- _Input data_:
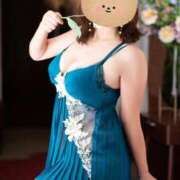 真紀 ご無沙汰です シャトーペトラ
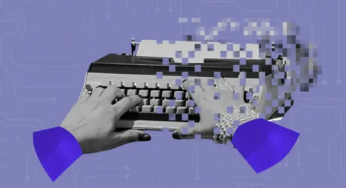 Os escritores que ajudam a inteligência artificial a falar que nem gente | Tecnologia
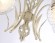Люстра на штанге Ambrella Light Traditional TR3066
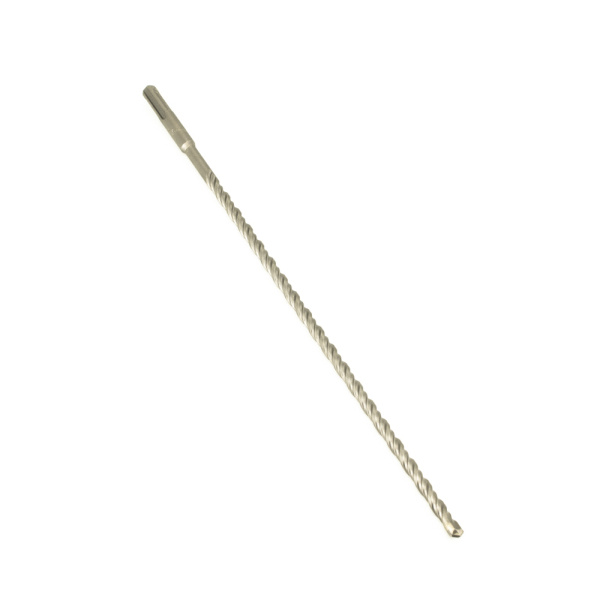 f22668d618aa46c71025b09407e68e76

- _Task brief_: Beginning with the line that contains "Люстра на штанге" and ending with the last line of the data, restate each line word for word. Exclude the pictures.

- _Task output_:
Люстра на штанге Ambrella Light Traditional TR3066
 f22668d618aa46c71025b09407e68e76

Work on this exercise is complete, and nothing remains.